▶ _Task directions_:
Pictures must be dropped from the copy of the entries below; all else is returned exactly.

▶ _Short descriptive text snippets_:
╭──
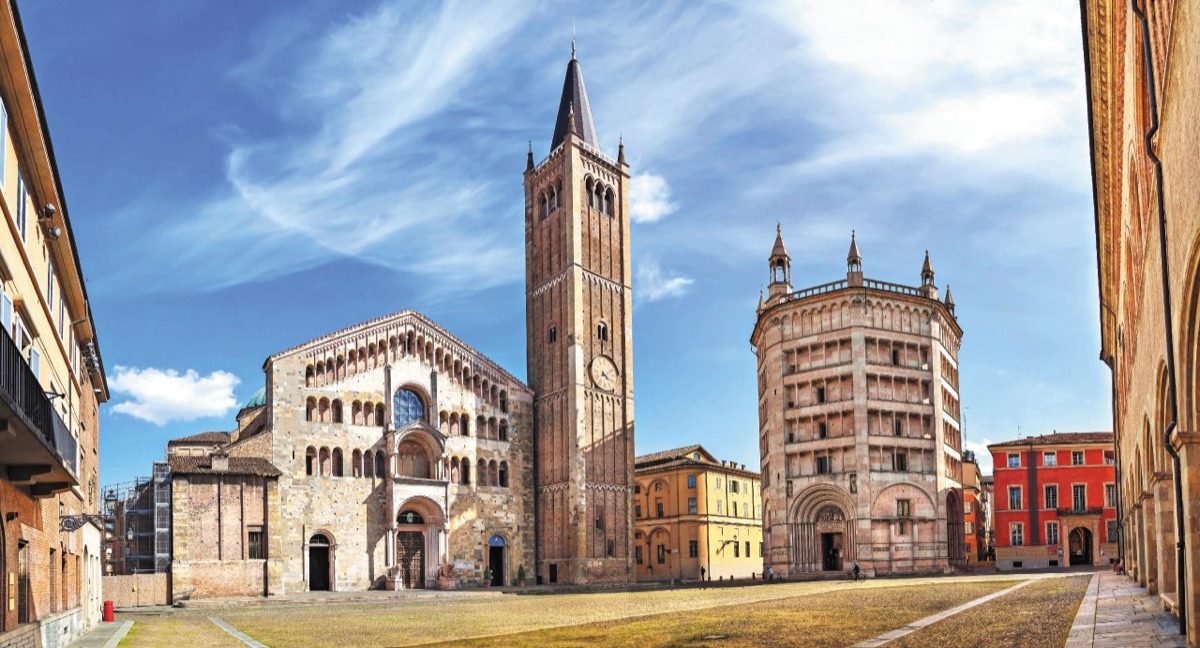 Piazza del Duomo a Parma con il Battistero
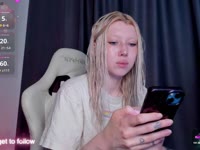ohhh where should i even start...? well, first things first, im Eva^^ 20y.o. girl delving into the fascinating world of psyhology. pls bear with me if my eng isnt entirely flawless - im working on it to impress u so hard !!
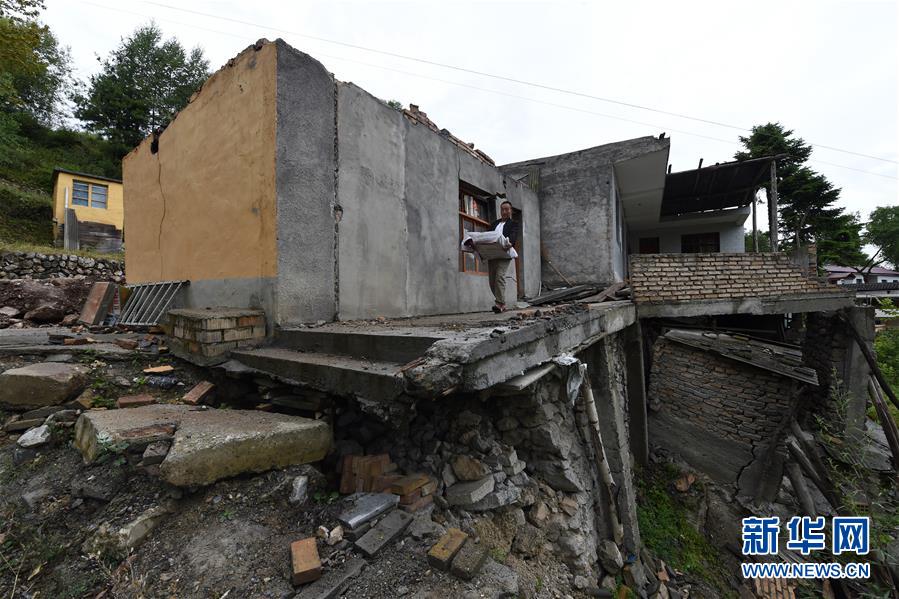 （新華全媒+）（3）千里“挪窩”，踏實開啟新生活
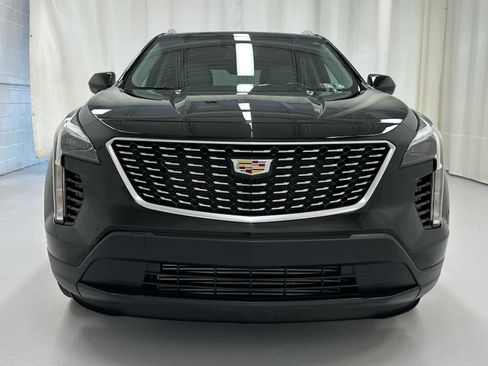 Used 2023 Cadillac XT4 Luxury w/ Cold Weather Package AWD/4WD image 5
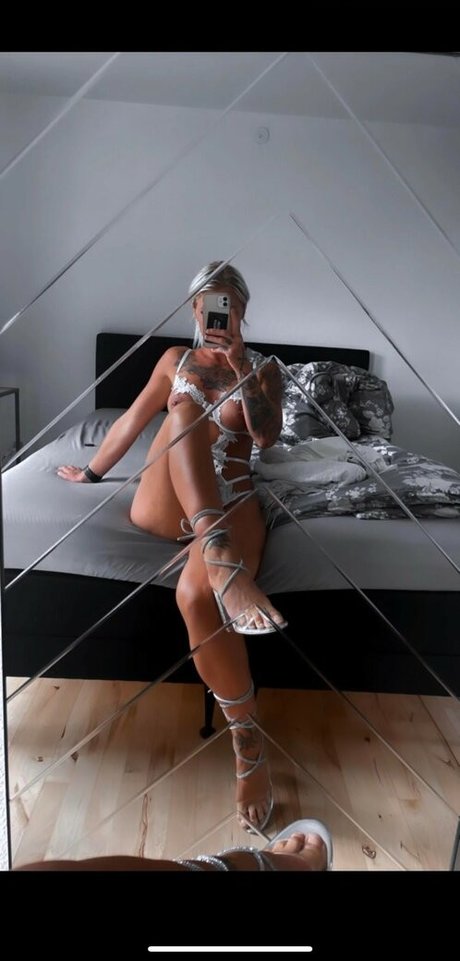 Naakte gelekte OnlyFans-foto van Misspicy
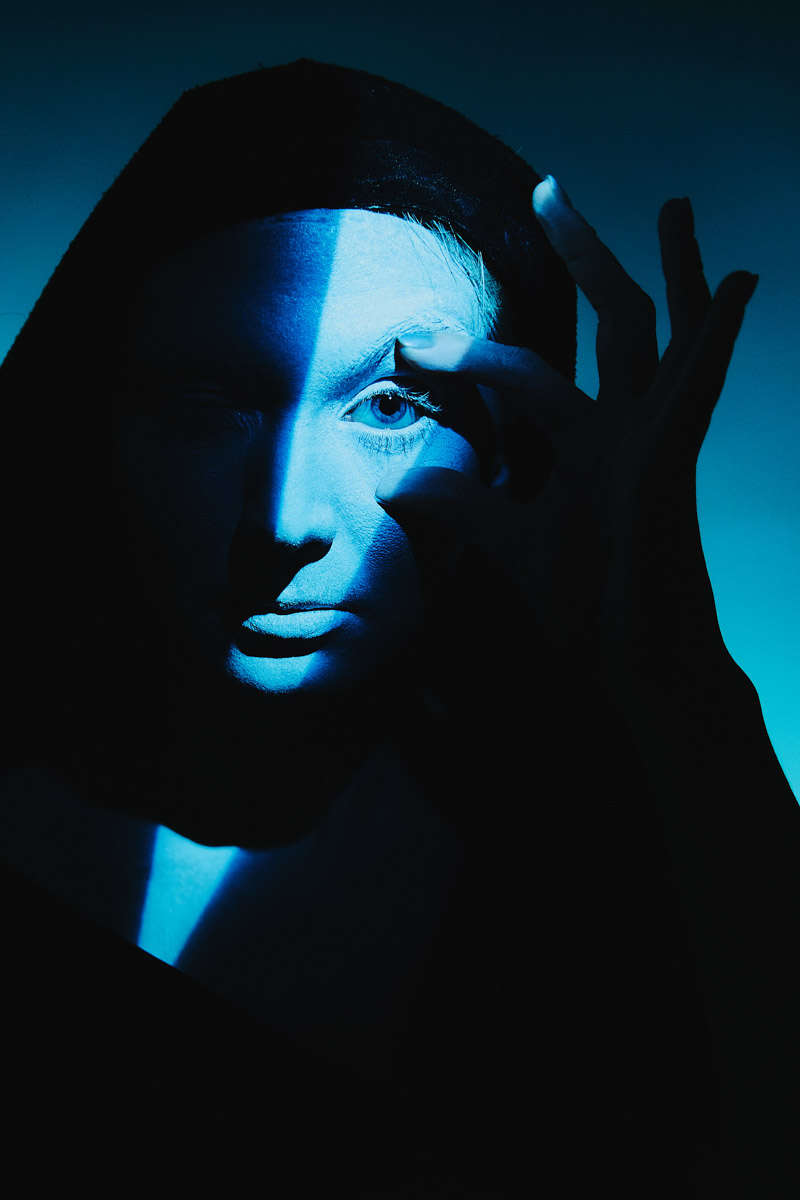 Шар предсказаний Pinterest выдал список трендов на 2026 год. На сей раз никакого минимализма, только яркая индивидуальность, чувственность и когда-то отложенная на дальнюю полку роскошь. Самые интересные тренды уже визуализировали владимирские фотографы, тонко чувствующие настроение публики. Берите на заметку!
╰──
▶ _Response to this exercise_:
 Piazza del Duomo a Parma con il Battistero
ohhh where should i even start...? well, first things first, im Eva^^ 20y.o. girl delving into the fascinating world of psyhology. pls bear with me if my eng isnt entirely flawless - im working on it to impress u so hard !!
 （新華全媒+）（3）千里“挪窩”，踏實開啟新生活
 Used 2023 Cadillac XT4 Luxury w/ Cold Weather Package AWD/4WD image 5
 Naakte gelekte OnlyFans-foto van Misspicy
 Шар предсказаний Pinterest выдал список трендов на 2026 год. На сей раз никакого минимализма, только яркая индивидуальность, чувственность и когда-то отложенная на дальнюю полку роскошь. Самые интересные тренды уже визуализировали владимирские фотографы, тонко чувствующие настроение публики. Берите на заметку!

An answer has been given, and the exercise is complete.